Children in over thirty (30) DeKalb County School System schools will return to scenes like this one Thursday. A hard rain fell on Metro Atlanta Wednesday evening. And the school roofs that should have been replace long ago yielded little -- if any -- resistance.
Buckets catching rain water will be deployed. Janitors will mop furiously. Ceiling tiles will bulge and collapse. Halls will be impassable; bathrooms unusable. Indoor tarps (above) will groan with the weight of the newly collected rain.
Our children and their teachers will be exposed to a wide range of environmental risks. Indoor mold will continue growing unabated. Legionella will find a fertile host environment. And the petrochemical ingredients in the deteriorating roof above will be carried into our children's classrooms in the cascading rain.
The conditions in our schools are deplorable. And the serious risks we are exposing our children and their teachers to are unacceptable. A cursory visit to any of these campuses quickly reveals these truths. Common sense tells us no school should be like this. But they are. Over thirty of them are exactly like this. And on Thursday morning hundreds (if not thousands) of children will be going in to schools with these outrageous conditions.
It's easy to blame the administration that allowed this occur. The evidence of mismanagement, malfeasance and short sightedness is overwhelming. But that's not the issue I suggest we focus on at this moment. I believe we should examine something else.

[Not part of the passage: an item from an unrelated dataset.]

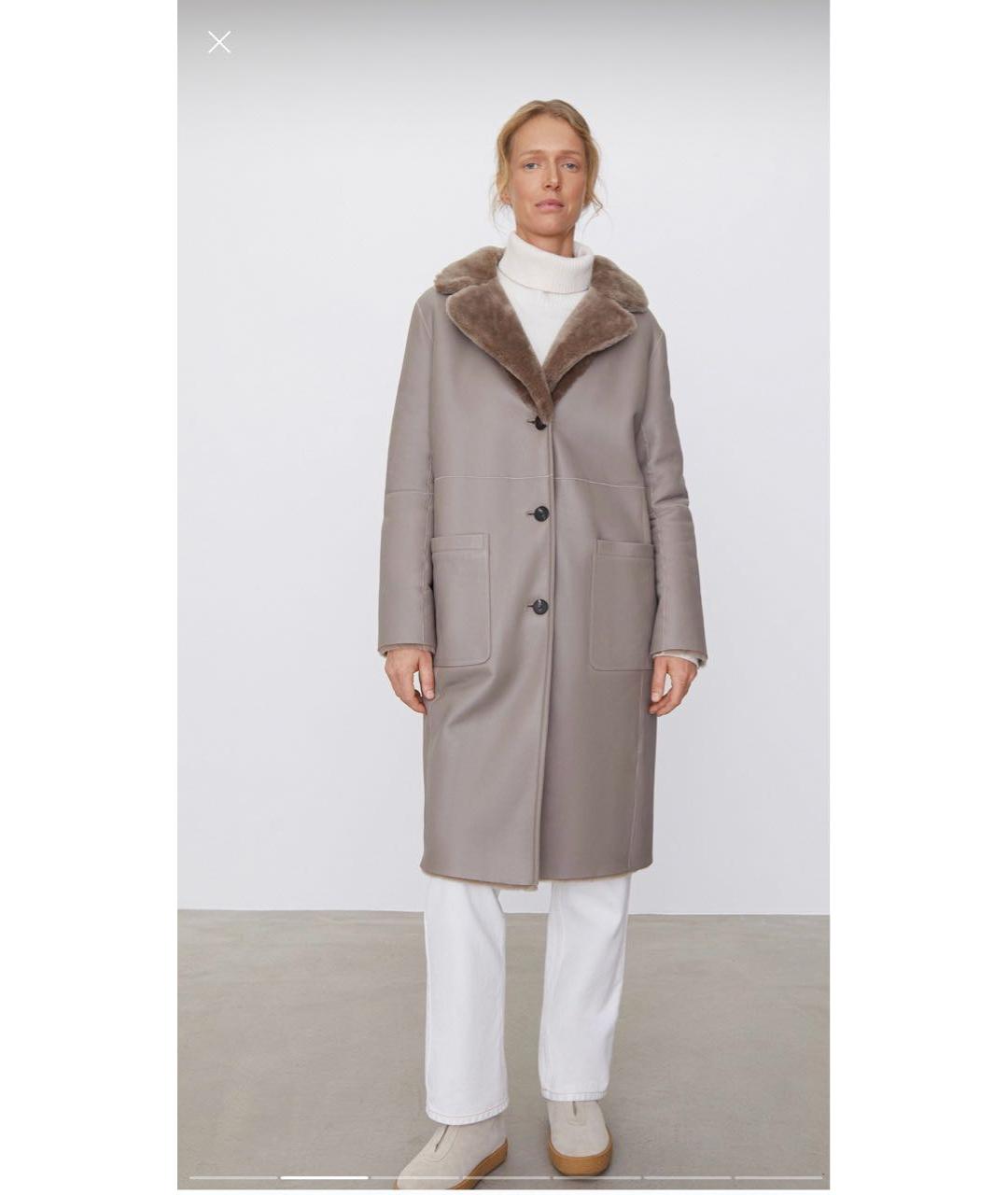 12 STOREEZ Бежевая кожаная дубленка, фото 7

What are we telling our children when we send them to schools in this condition? What are we as a community saying about the value we place on their education? What do our actions (or inaction) tell our children about the importance of their school?
Would any of us buy groceries in a store where water poured through the roof and aisles were impassable? Of course not. Would any of us shop anywhere the bathroom was off limits and the threat of a falling ceiling tile was ever present? No way. Would any of us eat in a restaurant where buckets caught rain, the floor was soaked and the aroma of mold filled the air? Not a chance.
Why wouldn't we chose to frequent establishments like that?
And why do we accept such conditions for our children and their teachers?
When we send our children to schools in this condition, what are we telling them? What are we saying about the value we place on their education? Their safety? Their welfare?
When we send our children into schools like this, what are we saying about ourselves?